DS2 is 6 weeks old. All he does is cry. He cries when i feed him (EBF), cries at night, cries in the pram (just been out for half an hour walk and ended up carrying him while pushing pram with one hand so he could scream in my ear instead of in the pram. He fell asleep eventually in the pram but sleeps so lightly he woke up as soon as we got home. Now crying in the pram sad

He sleeps for 2 hours at a time and wakes with a blocked nose, not hungry more than about every 4 hours (huge baby) so end up pacing room with him while my shoulders ache.

better go and get him.

tigertum2010 Sun 07-Aug-11 11:09:38

Poor you, I do sympathise. My Ds (now 16 months) was a cry-baby until fairly recently - maybe some babies just are. He would wake up as soon as we arrived home from a walk in the pram too and I can certainly sympathise with the big, heavy baby to soothe making you achey and exhausted. We were always the first to leave mum and baby get-togethers as he would be crying and grumpy.

I don't really know what to advise. I think that as long as you are doing your best for him and that you are on a fairly even keel, maybe just accept that he is a cry-baby and plough on.

Hope things get better soon.

moaningminniewhingesagain Sun 07-Aug-11 11:13:59

You are doing a fab job, they are so so tiring at this age and I found at around 6 weeks was just when I couldn't stand the broken sleep any longer.

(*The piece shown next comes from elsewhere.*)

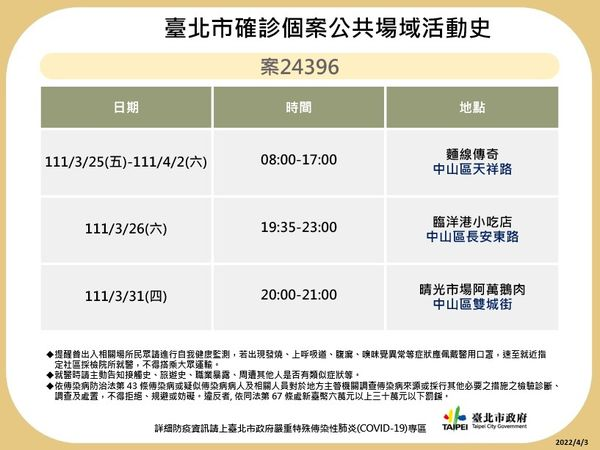 快新聞／北市12張「大量足跡」曝光！　全集中在7行政區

If he has a clean nappy, is not hungry, getting cuddled, not too hot or too cold, then you have done all you can to help him stop crying. Have you thought about getting him checked for reflux - that can make very miserable babies.

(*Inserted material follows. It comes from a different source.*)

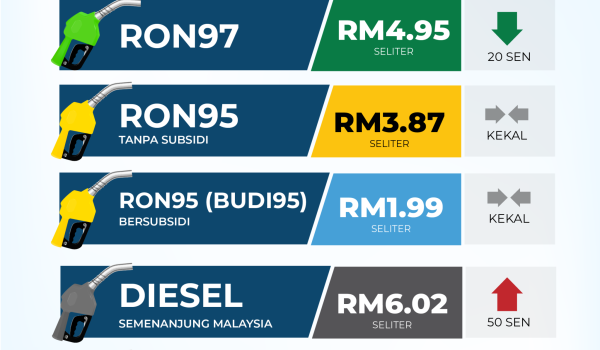 0104 MINYAK PETROL BUDI95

Some babies do just cry a lot though - DD hated being a baby, DS was much more placid. Maybe try some saline nose drops if he is a bit congested?

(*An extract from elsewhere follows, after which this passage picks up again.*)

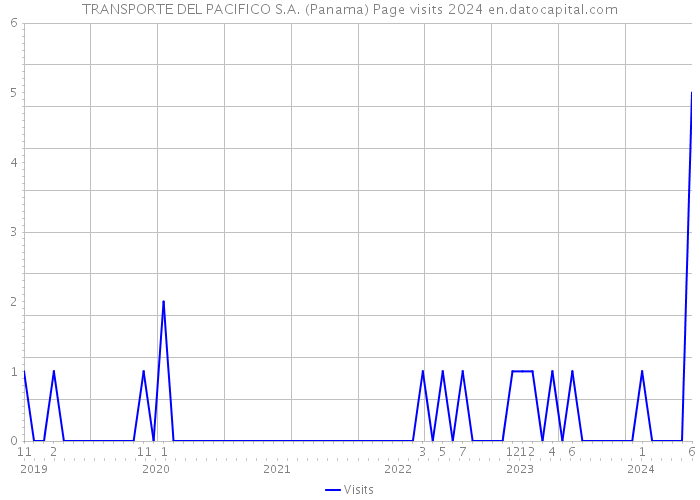 TRANSPORTE DEL PACIFICO S.A. (Panama) Page visits 2024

Are you getting any help - someone to walk him out for an hour or two while you just flop on the bed? It can be really lonely at that stage, esp when BF and you feel like no one else can/will look after them even for a short while.

casperella Sun 07-Aug-11 11:15:38

This sounds awful, my heart goes out to you.

Have you tried a dummy at all? Some babies like to suckle more than others, so might be worth a try? (My 2 loved them in the early days).

Hope it gets better for you soon and you manage to get a break as suggested by others.

Scootergrrrl Sun 07-Aug-11 11:19:15

sad

It's awful isn't it? Have you tried him in a sling? My DS was heavy AND grumpy - a most unpleasant combination! - and we found one of the thins which helped was keeping him upright and close in a sling. Do you have someone who can give you a break, even by taking him out for a walk for an hour? Someone else's baby crying is never as bad as your own so don't be afraid it'll be too much to ask of someone.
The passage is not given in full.